(Scraped caption text data)
'''

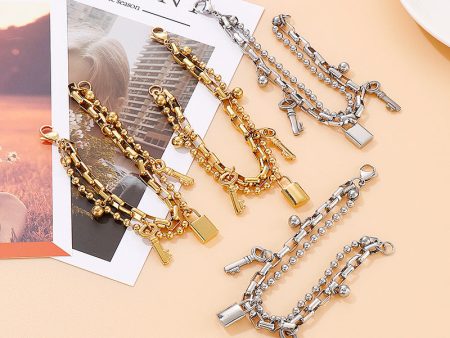 Wholesale Titanium Steel Double Ball Padlock Bracelet on Sale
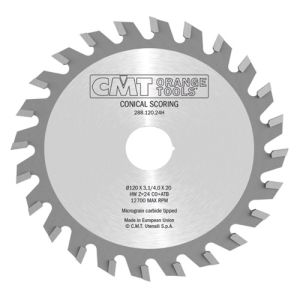 100mm dia Z=20 Id=22 CMT Conical Scoring Saw Blade 288.100.20K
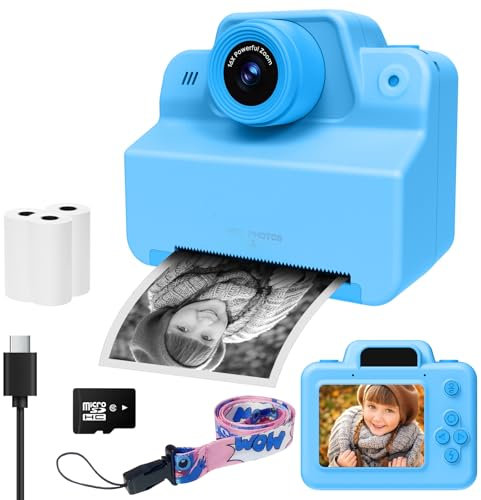 Fotocamera istantanea per bambini, 1080P, HD, stampa istantanea di foto, fotocamera per bambini, fotocamera digitale con 3 rotoli di carta da stampa, regali per compleanno, Natale, giocattolo per 3-12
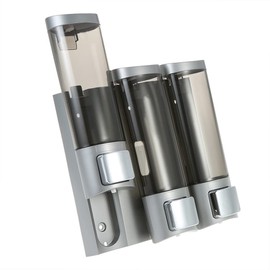 Ailgely 200 ml x 3 Manual Soap Dispenser, Wall Mounted Shampoo Box with Three Chambers, Bathroom Shower Gel, Liquid Shampoo Dispenser Holder for Bathrooms, Kitchens, Hotels, Restaurants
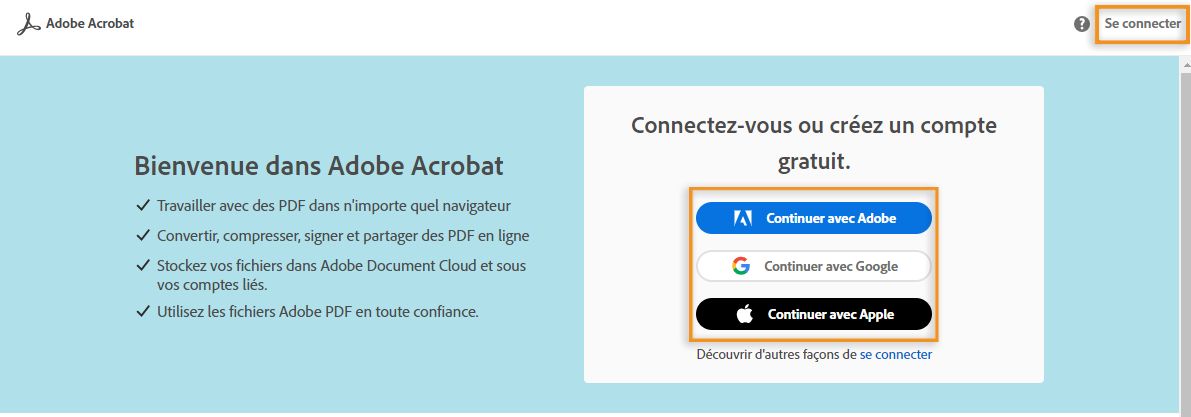 Connexion à Adobe Document Cloud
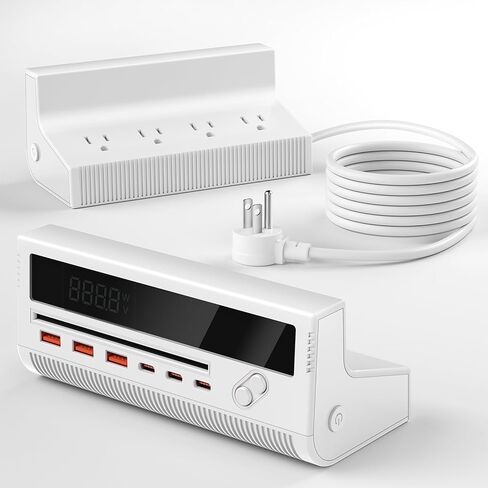 Power Strip with USB Ports, 10-in-1 Flat Plug Power Strip with Smart Display, Retro Game-Inspired USB Charging Station with 4 AC Outlets, 3 USB-C & 3 USB-A Ports, 5 FT Extension Cord (White) in Saudi Arabia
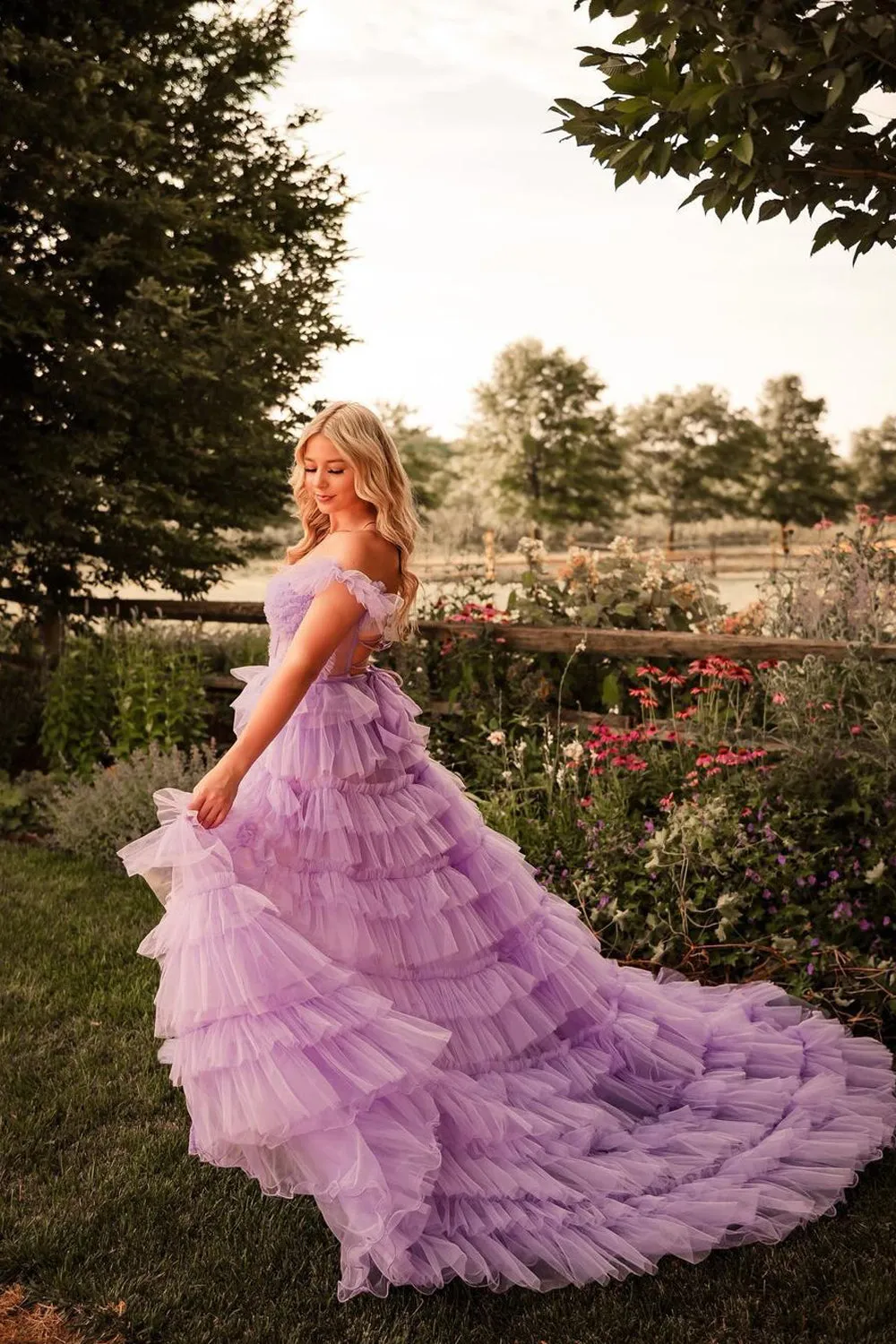Cute Fairy Off the Shoulder Lilac Tiered Tulle Slit Prom Dresses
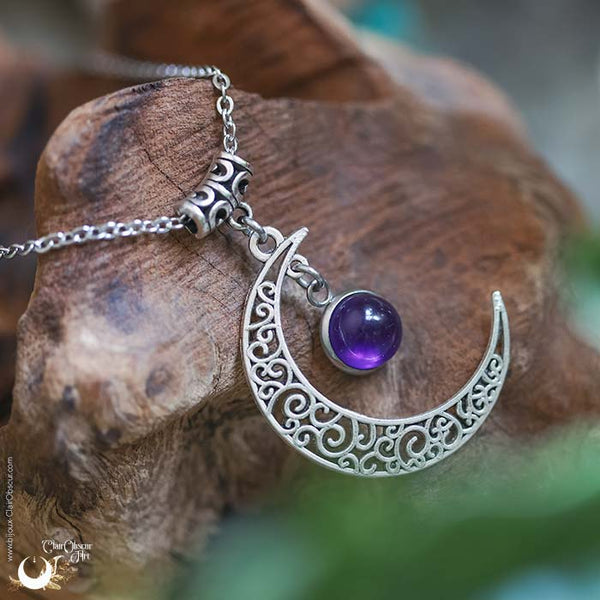 Collier "Luna" Améthyste, taille de la chaine au choix - Illustrations & Bijoux fantaisie ClairObscur Art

'''

Give exactly the lines above that run from the line with "Ailgely 200 ml" to the line with "Connexion à Adobe Document Cloud", both included, leaving every picture out.

• [SOLUTION TO THE PROBLEM]
 Ailgely 200 ml x 3 Manual Soap Dispenser, Wall Mounted Shampoo Box with Three Chambers, Bathroom Shower Gel, Liquid Shampoo Dispenser Holder for Bathrooms, Kitchens, Hotels, Restaurants
 Connexion à Adobe Document Cloud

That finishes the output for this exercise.